- Dataset extract:
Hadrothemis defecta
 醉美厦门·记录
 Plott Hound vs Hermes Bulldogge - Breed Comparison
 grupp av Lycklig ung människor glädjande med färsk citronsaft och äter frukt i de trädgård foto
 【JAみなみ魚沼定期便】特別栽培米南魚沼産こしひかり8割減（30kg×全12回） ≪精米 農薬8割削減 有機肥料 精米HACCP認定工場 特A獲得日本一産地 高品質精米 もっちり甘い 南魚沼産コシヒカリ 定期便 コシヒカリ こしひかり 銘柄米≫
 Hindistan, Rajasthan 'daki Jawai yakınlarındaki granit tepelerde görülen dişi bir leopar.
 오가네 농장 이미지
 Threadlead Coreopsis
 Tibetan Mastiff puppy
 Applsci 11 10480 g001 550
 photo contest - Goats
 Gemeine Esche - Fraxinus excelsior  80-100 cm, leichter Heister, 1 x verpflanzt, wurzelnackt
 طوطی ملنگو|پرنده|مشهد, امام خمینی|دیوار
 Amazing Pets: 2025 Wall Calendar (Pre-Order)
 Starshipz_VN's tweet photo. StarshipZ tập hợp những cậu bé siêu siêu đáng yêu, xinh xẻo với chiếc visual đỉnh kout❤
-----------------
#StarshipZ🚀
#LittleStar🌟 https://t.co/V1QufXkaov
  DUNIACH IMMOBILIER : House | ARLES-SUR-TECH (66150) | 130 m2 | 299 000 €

- Assignment: Could you set down, word for word, only the lines above from the line with "Tibetan Mastiff puppy" to the line with "Amazing Pets: 2025 Wall Calendar (Pre-Order)", including both?

- Answer for the task:
 Tibetan Mastiff puppy
 Applsci 11 10480 g001 550
 photo contest - Goats
 Gemeine Esche - Fraxinus excelsior  80-100 cm, leichter Heister, 1 x verpflanzt, wurzelnackt
 طوطی ملنگو|پرنده|مشهد, امام خمینی|دیوار
 Amazing Pets: 2025 Wall Calendar (Pre-Order)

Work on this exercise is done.